• ACTIVITY:
From the records below, state how many lines include the word "Download", giving only that number.

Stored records
Content starts

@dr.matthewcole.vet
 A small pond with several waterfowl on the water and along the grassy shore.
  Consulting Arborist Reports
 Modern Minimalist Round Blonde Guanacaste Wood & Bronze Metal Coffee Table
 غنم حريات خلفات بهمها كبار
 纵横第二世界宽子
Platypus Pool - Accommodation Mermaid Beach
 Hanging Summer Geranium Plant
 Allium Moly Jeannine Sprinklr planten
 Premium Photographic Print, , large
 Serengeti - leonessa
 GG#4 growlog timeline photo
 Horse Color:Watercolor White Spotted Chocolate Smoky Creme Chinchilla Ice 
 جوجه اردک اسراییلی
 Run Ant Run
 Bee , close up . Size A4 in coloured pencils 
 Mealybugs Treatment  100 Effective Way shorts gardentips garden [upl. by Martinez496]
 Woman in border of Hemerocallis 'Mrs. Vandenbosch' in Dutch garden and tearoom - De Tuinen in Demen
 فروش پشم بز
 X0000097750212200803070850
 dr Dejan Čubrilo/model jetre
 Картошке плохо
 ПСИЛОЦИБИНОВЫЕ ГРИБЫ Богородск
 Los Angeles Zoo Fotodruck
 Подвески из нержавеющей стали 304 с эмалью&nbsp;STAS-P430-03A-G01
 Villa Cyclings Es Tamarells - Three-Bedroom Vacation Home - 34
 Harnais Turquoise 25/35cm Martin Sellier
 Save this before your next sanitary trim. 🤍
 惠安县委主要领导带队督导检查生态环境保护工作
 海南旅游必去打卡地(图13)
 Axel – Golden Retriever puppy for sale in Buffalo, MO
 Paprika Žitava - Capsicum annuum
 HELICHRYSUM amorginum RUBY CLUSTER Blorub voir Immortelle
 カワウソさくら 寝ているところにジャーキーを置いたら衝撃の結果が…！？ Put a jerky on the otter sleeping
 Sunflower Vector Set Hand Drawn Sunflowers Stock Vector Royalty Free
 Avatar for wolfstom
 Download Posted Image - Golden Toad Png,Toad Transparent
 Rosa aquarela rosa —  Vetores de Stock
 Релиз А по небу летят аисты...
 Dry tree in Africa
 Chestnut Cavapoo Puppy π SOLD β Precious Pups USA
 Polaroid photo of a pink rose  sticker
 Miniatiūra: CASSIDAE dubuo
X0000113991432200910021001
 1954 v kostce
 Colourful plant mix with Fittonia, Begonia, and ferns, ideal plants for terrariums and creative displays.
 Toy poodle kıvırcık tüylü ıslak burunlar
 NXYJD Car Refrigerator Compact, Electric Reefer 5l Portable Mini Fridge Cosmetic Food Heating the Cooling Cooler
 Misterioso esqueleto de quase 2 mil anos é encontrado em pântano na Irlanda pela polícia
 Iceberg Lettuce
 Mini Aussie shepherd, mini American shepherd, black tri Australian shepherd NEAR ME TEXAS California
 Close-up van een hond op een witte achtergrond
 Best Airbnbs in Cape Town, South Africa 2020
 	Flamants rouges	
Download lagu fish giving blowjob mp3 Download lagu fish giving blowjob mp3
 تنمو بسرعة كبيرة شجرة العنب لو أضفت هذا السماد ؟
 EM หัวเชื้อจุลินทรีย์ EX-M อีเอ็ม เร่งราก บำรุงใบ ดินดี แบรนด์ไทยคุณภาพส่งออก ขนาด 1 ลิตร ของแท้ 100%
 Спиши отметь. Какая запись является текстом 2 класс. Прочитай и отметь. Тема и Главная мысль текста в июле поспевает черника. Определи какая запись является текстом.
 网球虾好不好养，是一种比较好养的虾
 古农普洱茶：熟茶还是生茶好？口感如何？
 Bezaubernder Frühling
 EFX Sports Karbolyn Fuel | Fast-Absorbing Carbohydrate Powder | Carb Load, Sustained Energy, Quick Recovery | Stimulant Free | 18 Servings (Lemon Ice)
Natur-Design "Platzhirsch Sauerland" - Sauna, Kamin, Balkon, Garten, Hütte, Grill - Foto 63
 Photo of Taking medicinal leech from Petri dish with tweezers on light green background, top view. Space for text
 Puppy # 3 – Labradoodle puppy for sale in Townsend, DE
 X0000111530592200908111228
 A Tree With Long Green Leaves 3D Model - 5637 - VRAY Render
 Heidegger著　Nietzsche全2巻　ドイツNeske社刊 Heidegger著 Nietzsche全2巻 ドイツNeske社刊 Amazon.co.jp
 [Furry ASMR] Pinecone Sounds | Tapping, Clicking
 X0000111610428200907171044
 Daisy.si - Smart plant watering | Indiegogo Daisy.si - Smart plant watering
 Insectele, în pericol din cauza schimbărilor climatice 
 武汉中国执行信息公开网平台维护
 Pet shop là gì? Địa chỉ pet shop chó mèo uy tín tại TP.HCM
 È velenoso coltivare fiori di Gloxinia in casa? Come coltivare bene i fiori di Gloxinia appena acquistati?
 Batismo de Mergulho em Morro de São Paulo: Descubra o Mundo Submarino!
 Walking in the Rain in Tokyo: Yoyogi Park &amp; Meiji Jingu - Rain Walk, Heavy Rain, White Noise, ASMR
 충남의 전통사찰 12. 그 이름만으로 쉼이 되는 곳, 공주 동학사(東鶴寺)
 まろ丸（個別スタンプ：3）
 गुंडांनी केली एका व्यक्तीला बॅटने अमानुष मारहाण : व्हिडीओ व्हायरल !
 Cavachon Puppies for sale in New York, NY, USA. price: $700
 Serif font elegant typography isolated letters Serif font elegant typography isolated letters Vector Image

Content ends

• ANSWER TO THE PROBLEM:
2